Wind and Solar Powered
The new masts will be self-powered, using wind turbine technology, combined with new solar and battery technologies developed through Vodafone working with renewable energy technology specialist Crossflow Energy over the last two years.
Most Remote Sites Can Now Be Connected
One of the big civil engineering challenges of expanding phone networks with new mast sites has been, up until now, the need to connect them to the grid. Being able to generate their own power on-site, anywhere, means that the new masts are a promising way to provide connections to even very remote areas. This could help people in rural communities and help Vodafone to grow its network while achieving its energy-saving ambitions (reducing Vodafone’s energy consumption), and provide a more environmentally friendly and sustainable solution to connection challenges.
Vodafone has highlighted other possible benefits of the self-powered Eco-Towers as being:
– Reducing the environmental impact of each site by using locally generated renewable power.
– A reduced reliance on diesel generators for back-up power thanks to the increased renewable contribution from the combination of wind and solar, together with battery storage systems on-site.

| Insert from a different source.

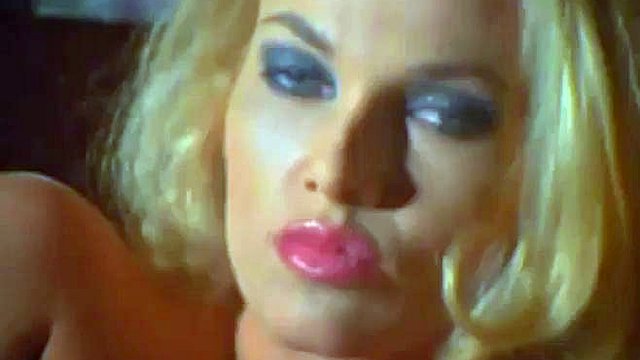 Ally s in softcore: Oral Seks, Amatör ve Sarışın Porno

– The ability to be sited in the most sensitive of sites, including Areas of Outstanding Natural Beauty, because of the quiet, bird-friendly turbine of each Eco-Tower.

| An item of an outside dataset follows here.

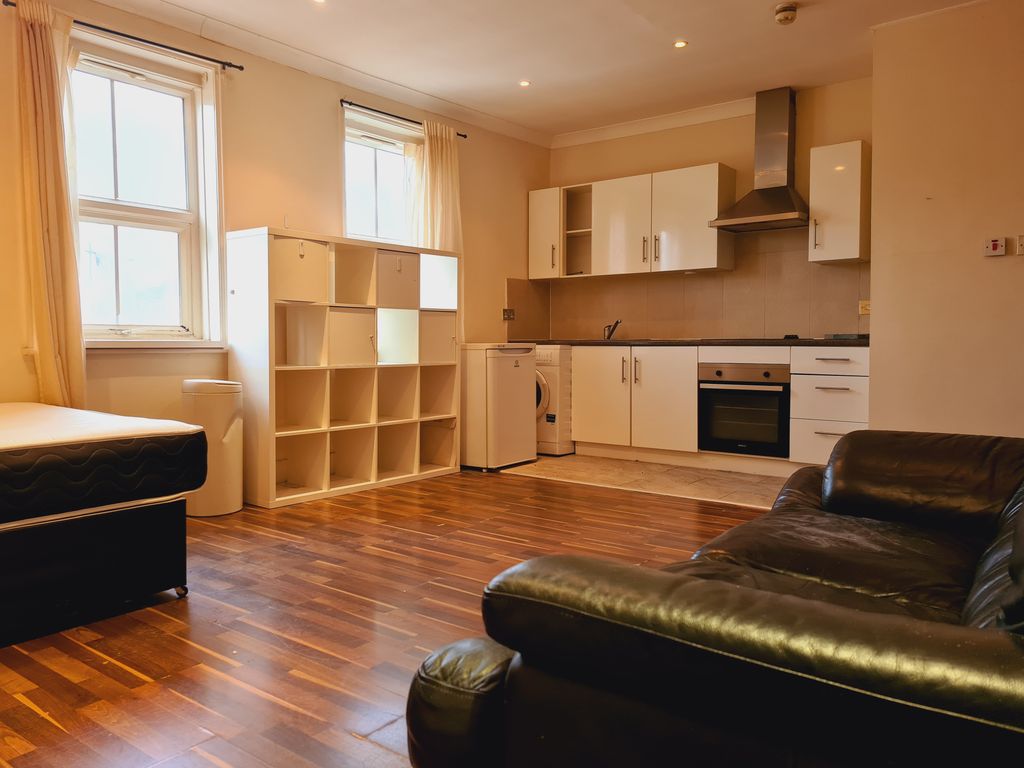 Property photo 3 of 6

– A more secure power supply. I.e. it will not be affected by problems associated with the grid.
Helping Vodafone To Meet Targets
The Eco-Towers also provide a way for Vodafone to meet two important targets, which are:
– The Shared Rural Network (SRN) initiative, whereby all four mobile network operators have agreed to deliver 95 per cent combined coverage across the whole of the UK by the end of 2025.
– Vodafone’s own commitments to remove all carbon emissions from its own operations from 2027, remove all carbon emissions from its operations and the energy it purchases (across 21 countries) by 2030, and reduce all its global carbon emissions to net zero by 2040.
Andrea Dona, Chief Network Officer, Vodafone UK, said: “Our approach to managing our network as responsibly as possible is very simple: we put sustainability at the heart of every decision. There is no silver bullet to reducing energy consumption, but each of these steps forward takes us closer to achieving net zero for our UK operations by 2027.”
What Does This Mean For Your Business?
This is likely to be good news for businesses in rural areas that have struggled to get any reliable phone connections due to their distance from the grid, and any masts. It also provides a promising way for Vodafone to meet its environmental targets and commitments, as well offering a source of competitive advantage for Vodafone. The company also plans to deploy a new 43 per cent more energy efficient 5G radio unit which could decrease the energy consumption of its future 5G network once deployed, thereby giving it even more efficient operations going forward. Whilst the environmental and practical benefits of Eco-Towers are clear, Vodafone customers may hope that an expanding network won’t contribute to higher bills and that the efficiencies of the new 5G radio unit may also be a way to keep prices down.